## Use the subgroup lattice to compute normalizers in the quasidihedral group of order 16

Use the subgroup lattice of $G = QD_{16}$ to help find the normalizers (1) $N_G(\langle \tau\sigma \rangle)$ and (2) $N_G(\langle \tau,\sigma^4 \rangle)$.

We computed the subgroup lattice of $QD_{16}$ in this previous exercise.

1. (Note that $\tau\sigma = \sigma^3\tau$.) We have $\langle \tau\sigma \rangle \leq N_G(\langle \tau\sigma \rangle)$, so that this normalizer is either $\langle \tau\sigma \rangle$, $\langle \sigma^2, \tau\sigma \rangle$, or $QD_{16}$.

Note that $\sigma^{-2}(\tau\sigma)\sigma^2 = \sigma^7\tau = \tau\sigma^5$ $= (\tau\sigma)^3$, so that $\langle \sigma^2, \tau\sigma \rangle \leq N_G(\langle \tau\sigma \rangle)$, but $\tau^{-1}(\tau\sigma)\tau = \tau\sigma^3 \notin \langle \tau\sigma \rangle$. So $N_G(\langle \tau\sigma \rangle) = \langle \sigma^2, \tau\sigma \rangle$.
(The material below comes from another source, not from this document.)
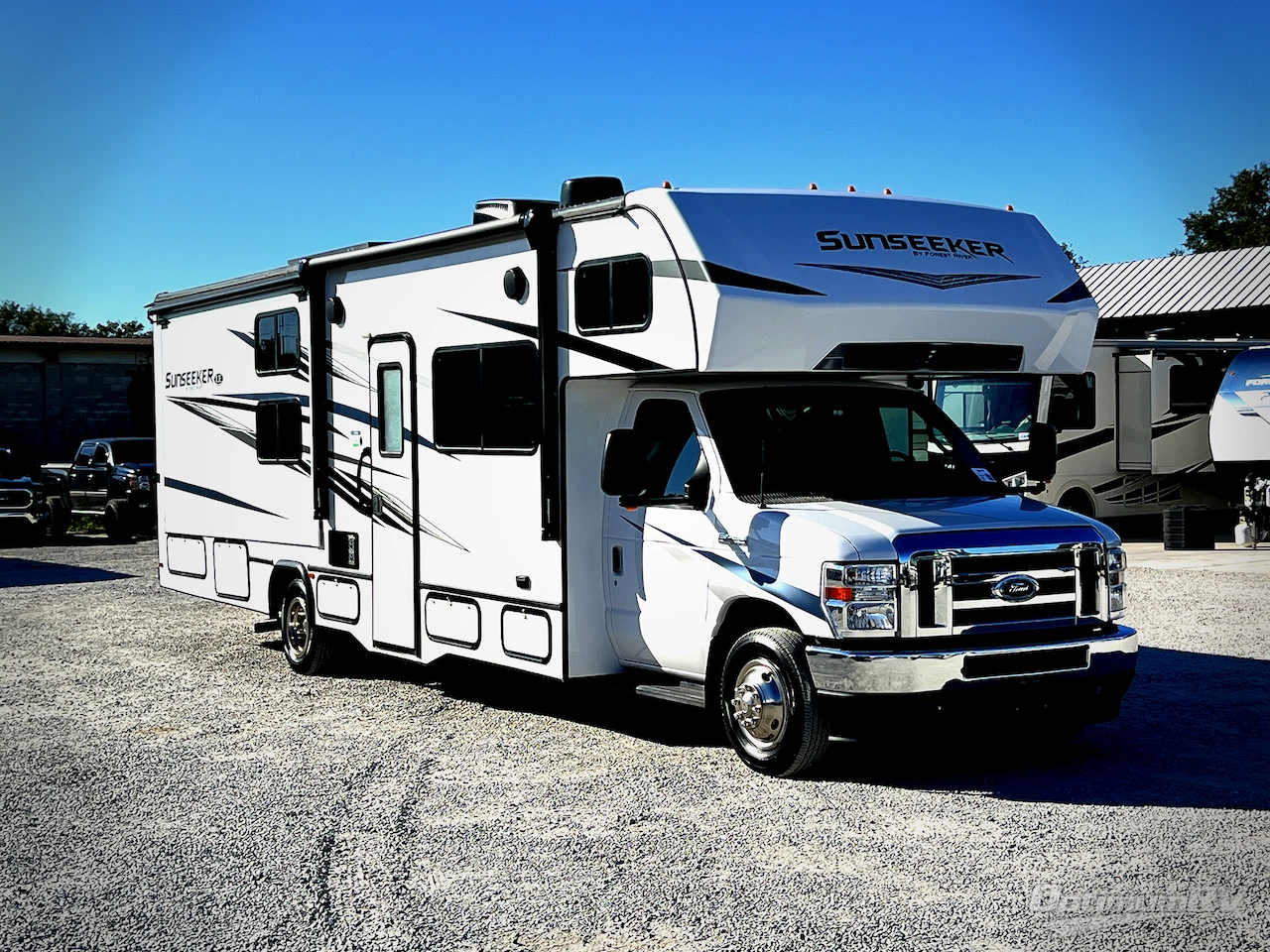 2023 Forest River Sunseeker LE 3250DSLE Ford Photo 1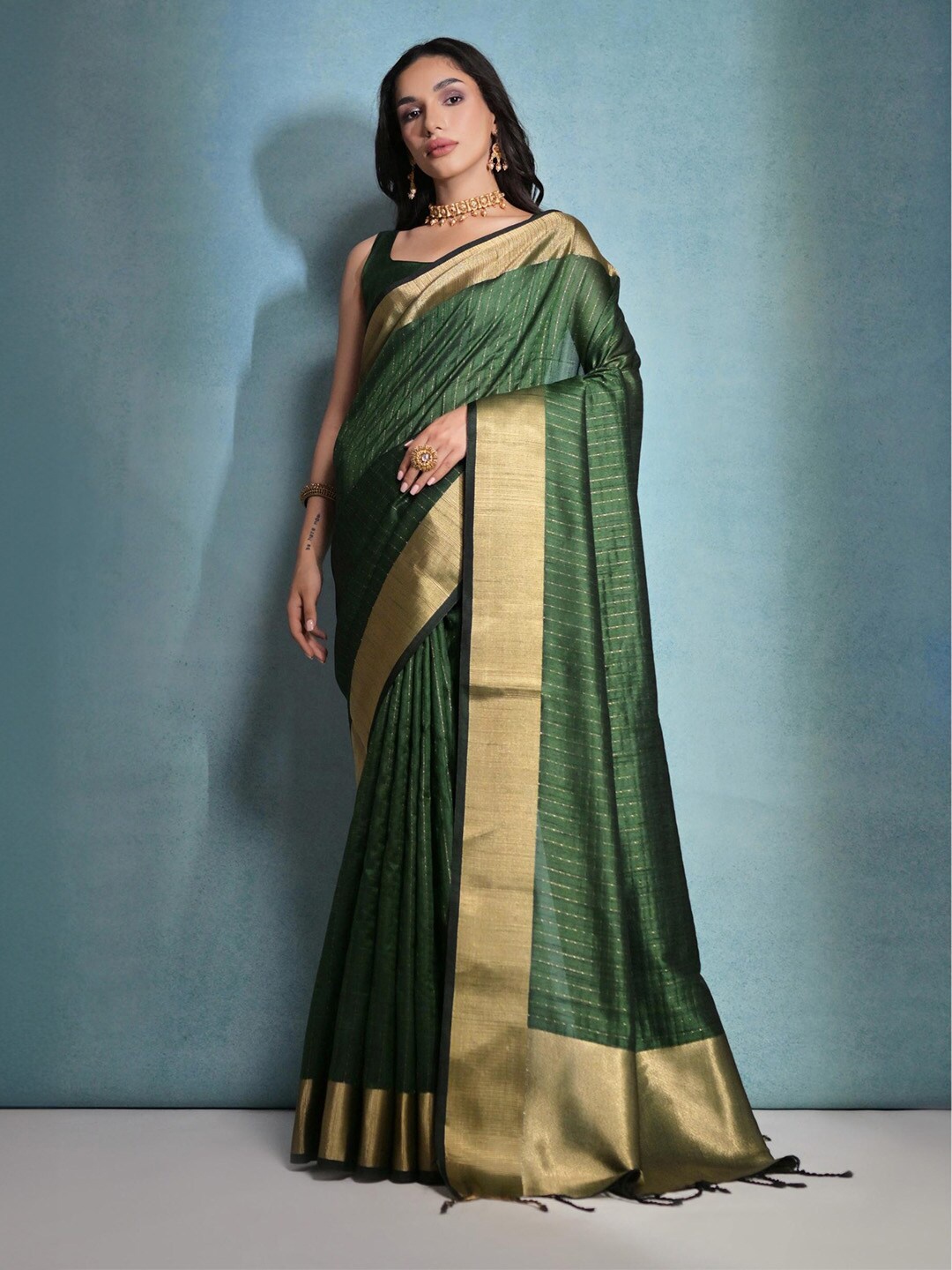 

Ishin Woven Design Zari Silk Blend Saree, Green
2. We have $\langle \tau, \sigma^4 \rangle \leq N_G(\langle \tau, \sigma^4 \rangle)$, so that this normalizer is either $\langle \tau, \sigma^4 \rangle$, $\langle \tau, \sigma^2 \rangle$, or $QD_{16}$.

Now $\langle \tau, \sigma^4 \rangle = \{ 1, \tau, \sigma^4, \tau\sigma^4 \}$. Note that $\sigma^2$ is in this normalizer since $\sigma^2 \tau \sigma^{-2} = \tau \sigma^4$, $\sigma^2 \sigma^4 \sigma^{-2} = \sigma^4$, and $\sigma^2 \tau \sigma^4 \sigma^{-2} = \tau$. However, $\sigma$ is not in this normalizer since $\sigma \tau \sigma^{-1} = \tau \sigma^2$. So $N_G(\langle \tau,\sigma^4 \rangle) = \langle \tau,\sigma^2 \rangle$.
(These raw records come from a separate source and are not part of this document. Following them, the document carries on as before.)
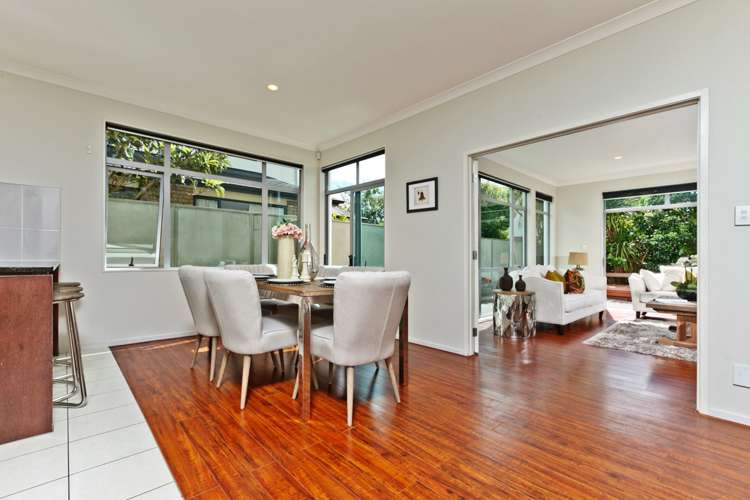 64 Medallion Drive Oteha_21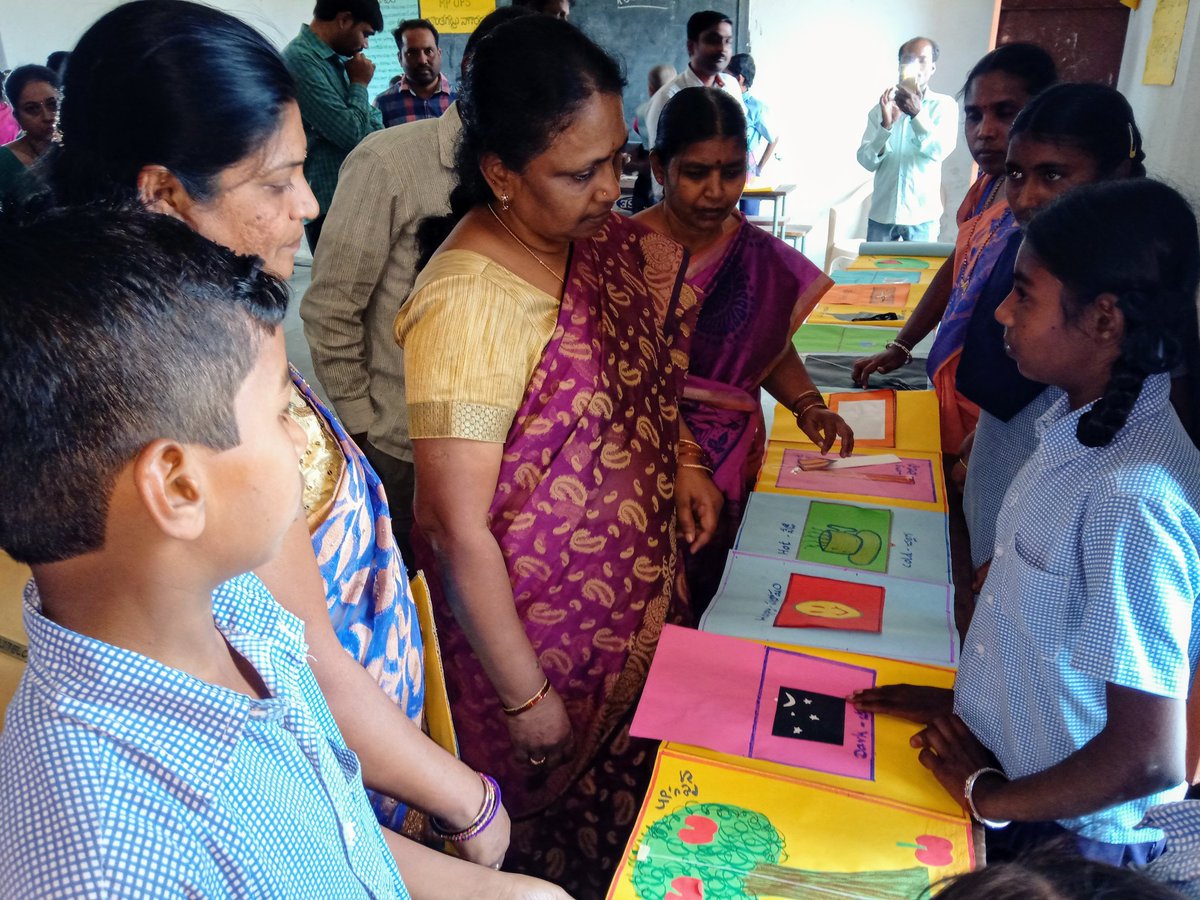 Muralidhar_Soma's tweet photo. #కృత్యమేళ_2018
#Activity_Based #TLM_Mela_2018 #SchoolComplex, #ZPSS_Tharigoppula
(#UPS_Ankushapur)
@HRDMinistry
@RMSAIndia
@ciet_ncert
@Collector_JGN
@Guruvu_in
@teachersbadi
@TSUTFJN
@PRTUTSPARVATHI https://t.co/6Bqed4d1Nq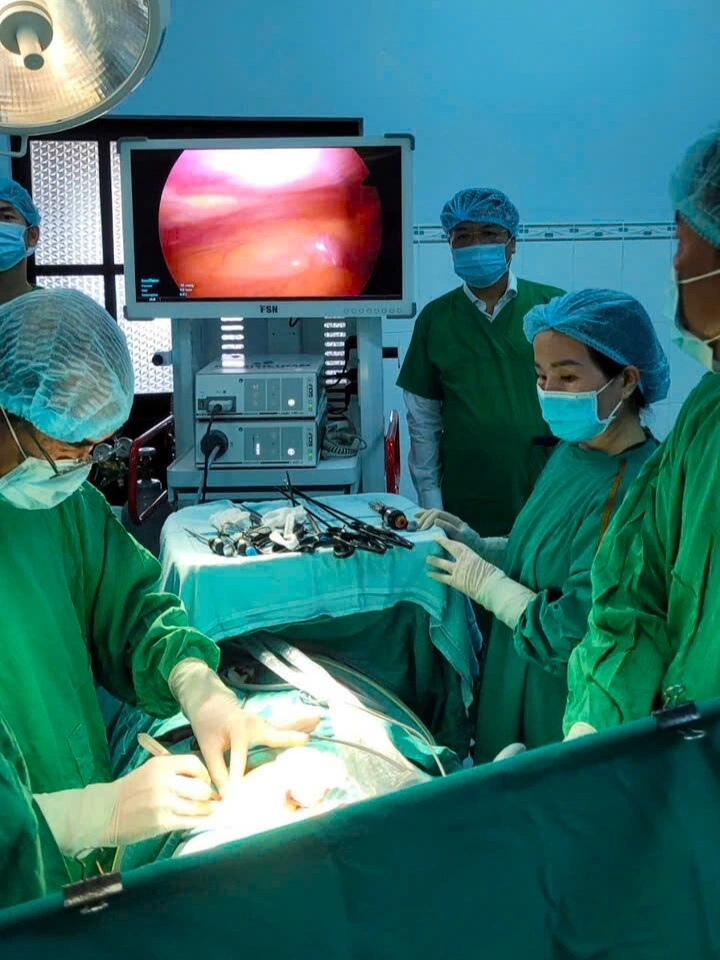 Ca mổ nội soi đầu tiên tại Trung tâm Y tế Quân dân y đặc khu Phú Quý, chiều 2/10. Ảnh: Tín Phúc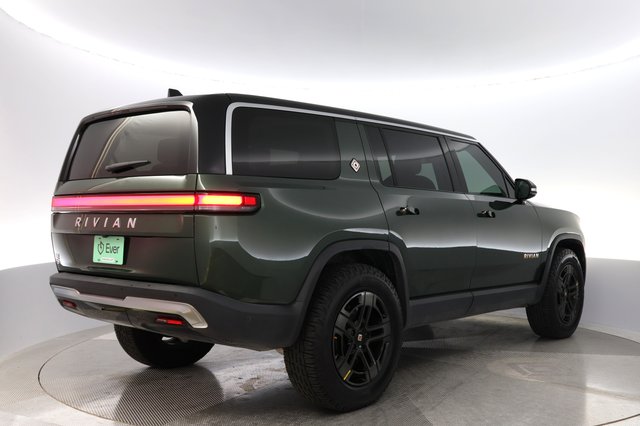 2023 Rivian R1S — photo 2 of 23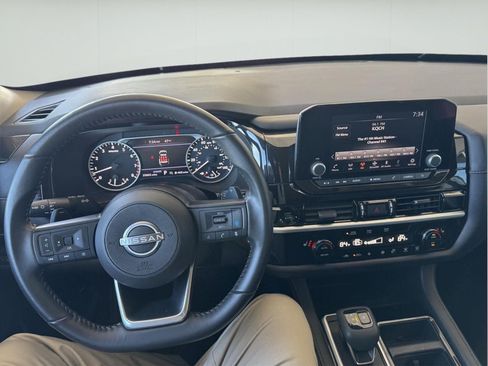 Used 2025 Nissan Pathfinder SV FWD image 33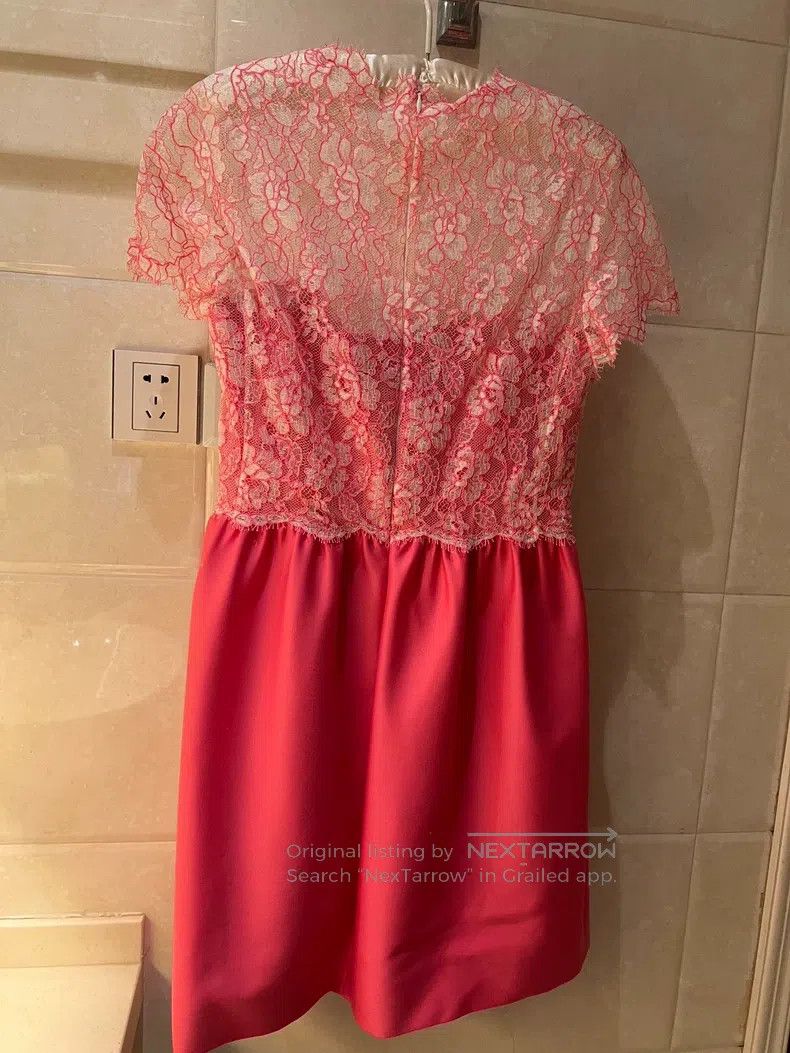 Valentino Valentino Pink lace dress Size S / US 4 / IT 40 - 2 Thumbnail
I think you confused the normalizer with the centralizer in problem 1. Since $\sigma^2 \tau \sigma \sigma^{-2}=\tau \sigma^5 \in \langle \tau \sigma \rangle$ and $\sigma \tau \sigma \sigma^{-1}=\tau \sigma^3 \notin \langle \tau \sigma \rangle$, the normalizer should be $\langle \sigma^2, \tau \sigma \rangle$.